Last Updated on 2016-09-04 , 11:16 am
In a local online forum, someone asked: “I’m 30 years old and I earn $3,000 a month. Am I a loser?”
Imagine it’s your friend who asked you this. How would you react? What would you say? No, I should rephrase it: What would you think?
In Singapore, it seems like the most successful person is the richest person. You are a winner if your basic pay is more than your friends. Let’s face the truth: Do you agree? Or maybe, do you have at least 50% of your friends who agree on that?
Let’s take a trip back to the 1980s. Okay, maybe some of us weren’t born yet, but let’s just imagine. Someone made that remark in the first paragraph. What would happen? No one cared. They would merely ask, “30! Are you married? How many children do you have?”
Now? “30! Do you have a degree? A fresh grad is at least $3,000 leh!”
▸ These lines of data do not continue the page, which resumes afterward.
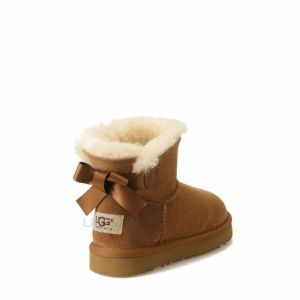 Детские угги Mini Bailey Bow II Chestnut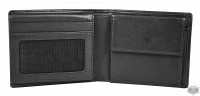 Мужское кожаное черное портмоне CROSS INSIGNIA AC248363B-1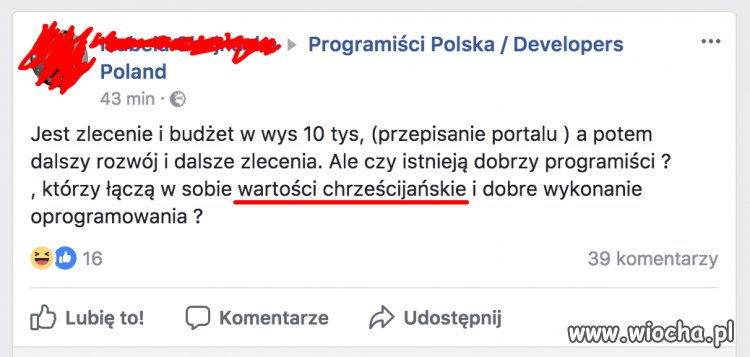 Chrześcijański programista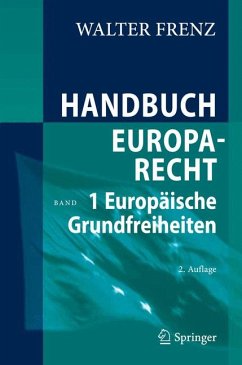 Handbuch Europarecht (eBook, PDF) - Frenz, Walter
The difference is not about the money. It’s about what has been ingrained into us as society evolves into a materialistic, power-vs-power world. Nowadays, even if you tell a friend you smile every day as you’re happy with your life, but as long as you earn less than him or her, he or she would most likely think, You kidding me?
I’m not being negative to portray us this way, but as a novelist, it’s essential to analyse people. While you can argue that no, your bank account balance doesn’t represent you as a person altogether, how would your friends think? Why have we never told anyone else how much we have in our bank? Why have we spent more time trying to show others how many credit cards we have, but never daring to show others our pay cheque?
Is this healthy?
Nope. It seems like as you walk into a social setting, you need to position yourself to be a winner by showing others that you earn a lot—if not, you lose and will be kicked out. I’m writing figuratively—but if you want it to be literally, what I meant is that you meet a new group of friends, and when they realize you earn little, they relegate you to that “loser group of friends”.
Don’t agree? Feel free to comment. However, the truth sticks—unfortunately, that is the reality that is happening just hundreds of metres away from where you stand or sit now.